CalPERS considers merging PE with public equities

The US’s largest public pension wants to follow the example of its large Canadian counterparts.

California Public Employees' Retirement System is planning to merge its private equity allocation with its global equity allocation to “focus the management of the allocation […] at the total fund level,” according to documents published by the pension.

The $315 billion fund – the largest public pension in the US – allocates 8 percent to private equity, alongside a 46 percent allocation to global equities. Under the revised asset mix, private equity would sit in a “growth” bucket with public equities, accounting for 54 percent of the pension's assets.

CalPERS' move would follow a number of other significant pension funds in pooling their public and private equity strategies. Two large Canadian funds – Ontario Teachers' Pension Plan and Canada Pension Plan Investment Board – have combined allocations, as has the New Zealand Superannuation Fund, according to the CalPERS presentation that will be discussed at an investment committee meeting on Wednesday.

Private equity will not be eliminated from CalPERS' asset mix and remains “an important part of the investment portfolio,” according to the presentation.

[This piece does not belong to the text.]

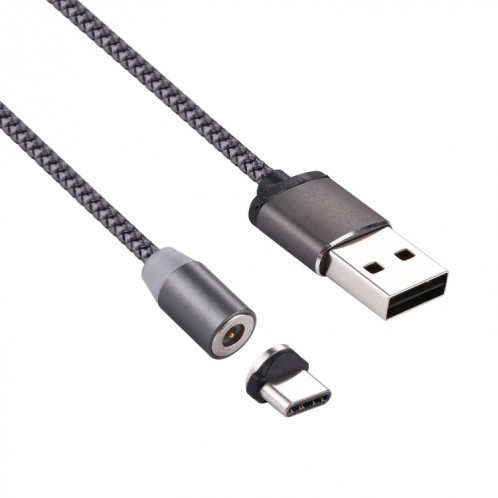 Rotation à 360 degrés 1m Style d'armure USB-C / Type-C vers USB 2.0 Câble de chargeur magnétique puissant avec indicateur LED, Rotation à 360 degrés 1 m Style de tissage USB-C/Type-C vers USB 2.0 Câble de chargeur SH697H1907-09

Last week CalPERS announced that Réal Desrochers, who has been managing investment director of its private equity programme for the past six years, was to leave the pension on 7 April.

CalPERS, which has about 8.5 percent of its total assets, or $27 billion, in private equity, said in a statement on Wednesday that Desrochers is taking a position with a large overseas bank whose name was undisclosed.

Sarah Corr, an investment director in private equity at CalPERS, will become the interim head of the programme, CalPERS said. It is unclear whether the search for a permanent replacement has started.